Fracking has made the U.S. the world’s largest natural gas producer, overtaking Russia. Shale gas helped bring down the U.S. price of natural gas by almost 60 percent since a peak in 2008. Natural gas now costs three times as much in Germany as in the U.S., according to BASF CEO Kurt Bock. Poland, the most advanced European Union country in the field of fracking, expects its first commercial gas flows and a doubling of the number of shale wells it can tap this year.

In contrast, Merkel’s government has said its planned fracking law will only allow the practice if no toxic chemicals are used and where it’s “clarified beyond doubt” that it won’t pollute ground water.

“There’s no political willingness to back fracking in Germany as fracking is highly unpopular with the local population in the regions where it potentially could be done,” said Eurasia Group analyst Famke Krumbmuller. “Even if the national government were to change its mind, which likely won’t happen anytime soon, you’d need the federal states on board, and they’re in no mood to change their position.”

Skepticism about nuclear power goes even deeper. The 1986 nuclear accident at Chernobyl, just 660 miles from Germany’s border, helped to propel the Green Party into mainstream politics. It was the first ecological party to rule a major European country, governing Germany for seven years in a coalition with the Social Democrats. The party, which emerged from the peace movement, commanded more than 10 percent of the national vote in 2009, its highest-ever showing.

Munich-based Siemens, Europe’s largest engineering company, in 2011 decided to stop building nuclear power stations because of the country’s energy switch. To embrace environmentally friendly technologies, Germany has been expanding renewable energy based on wind and solar power, making the country a leading exporter of those offerings.

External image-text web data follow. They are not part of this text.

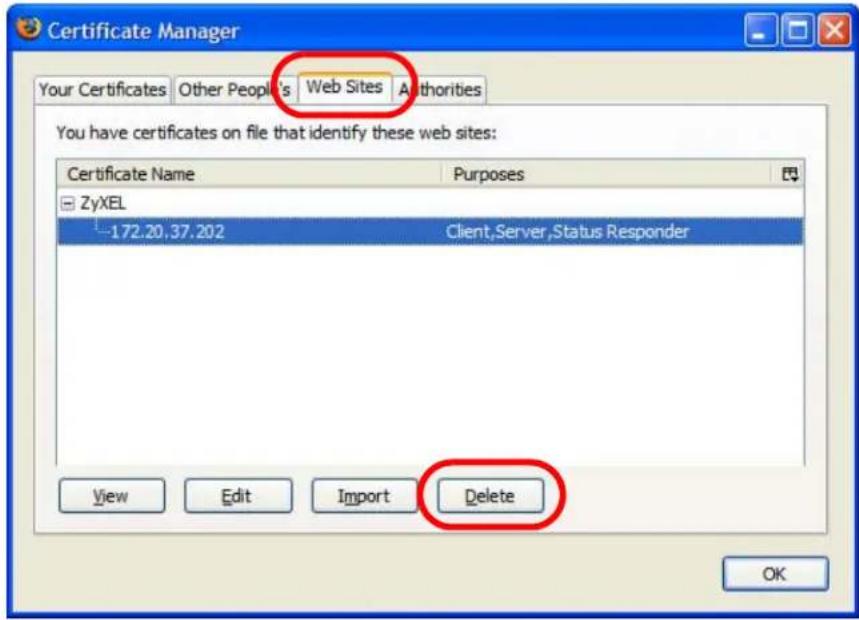 Certificate Manager Your Certificates Other People's Web Sites Authorities You have certificates on file that identify these web sites: Certificate Name Purposes ZyXEL -172.20,37.202 Client,Server,Status Responder View Edit Import Delete OK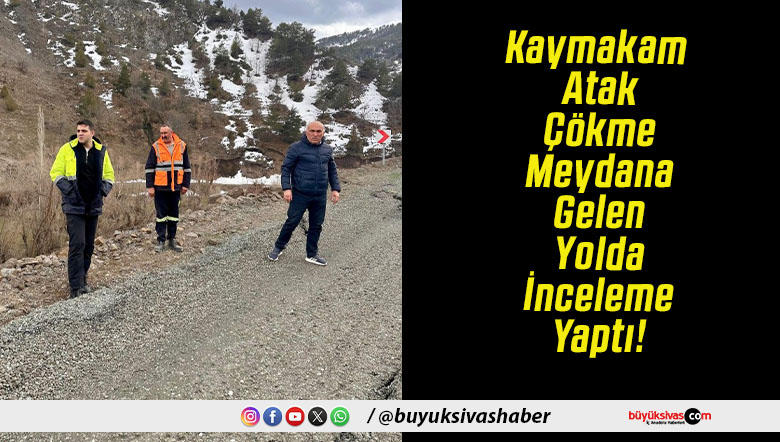 Kaymakam Atak Çökme Meydana Gelen Yolda İnceleme Yaptı!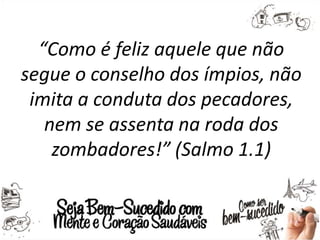 “Como é feliz aquele que não
segue o conselho dos ímpios, não
imita a conduta dos pecadores,
nem se assenta na roda dos
zombadores!” (Salmo 1.1)
 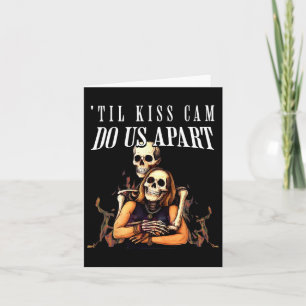 Til Kiss Cam Do Us Apart 2025 Halloween Skeleton W Card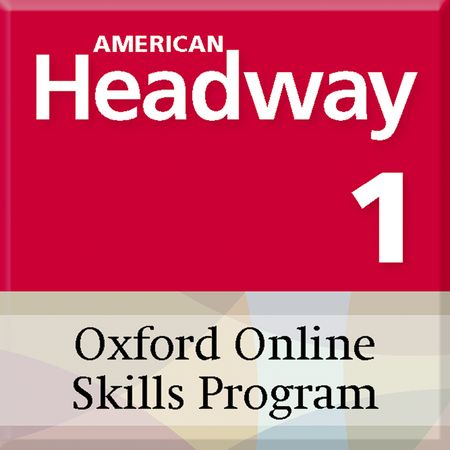 American Headway 3rd Edition - Level 1 - Oxford Online Skills Program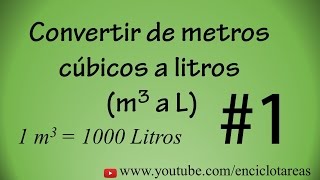 Convertir de Metros Cúbicos a Litros m3 a L 1 [upl. by Ainadi]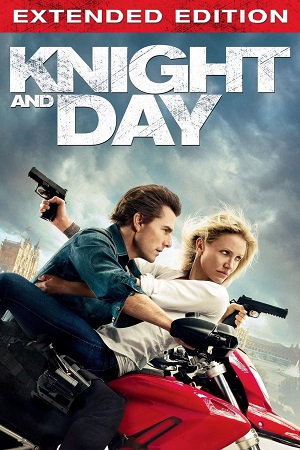 Download Knight and Day (2010) Extended-BluRay Dual Audio {Hindi-English} 480p [300MB] | 720p [1.2GB] | 1080p [2.5GB]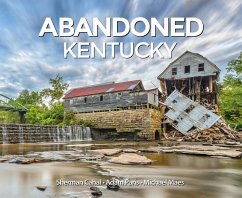 Abandoned Kentucky - Cahal, Sherman; Paris, Adam; Maes, Michael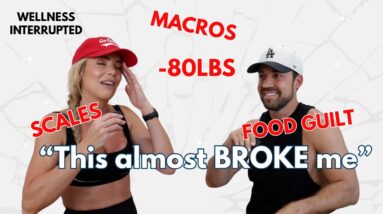 The Truth About Calories, Macros & Food Guilt | what we wish we knew 80 lbs ago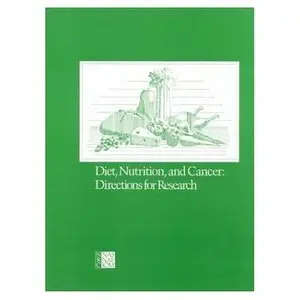 Diet, Nutrition, and Cancer: Directions for Research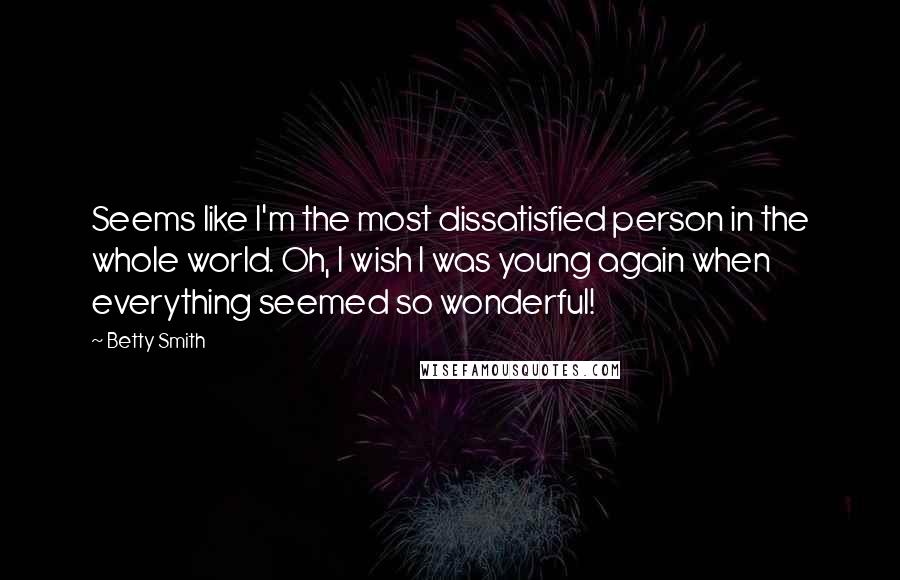 Betty Smith Quotes: Seems like I'm the most dissatisfied person in the whole world. Oh, I wish I was young again when everything seemed so wonderful!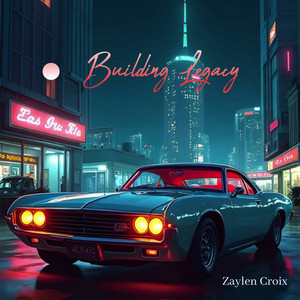 Building Legacy by Zaylen Croix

Still, the complex web of subsidies, surcharges and exemptions designed to spur the energy policy change has increased the cost of manufacturing itself. The surcharge used to fund renewable subsidies has tripled in four years, prompting some companies to consider investing outside Germany.

Siemens CEO Joe Kaeser echoes the concerns of his peers. The Transrapid high-speed monorail train, designed by Siemens with steelmaker ThyssenKrupp AG and using magnetic levitation, is in operation in China. Germany, whose companies patented the technology in 1934, only ever built a test track.

A planned connection between Berlin and Hamburg wasn’t built after a 2006 collision on the track killed 23 people. Some people living alongside the area feared magnetic radiation would endanger their health.

“In Germany, we have to recognize once again that innovation is something positive,” Kaeser said in February. “Without innovation, nothing is possible.”

– With assistance from Dorothee Tschampa in Frankfurt, Tino Andresen in Dusseldorf, Alex Webb in Munich, Stefan Nicola in Berlin and Robert Valpuesta in London.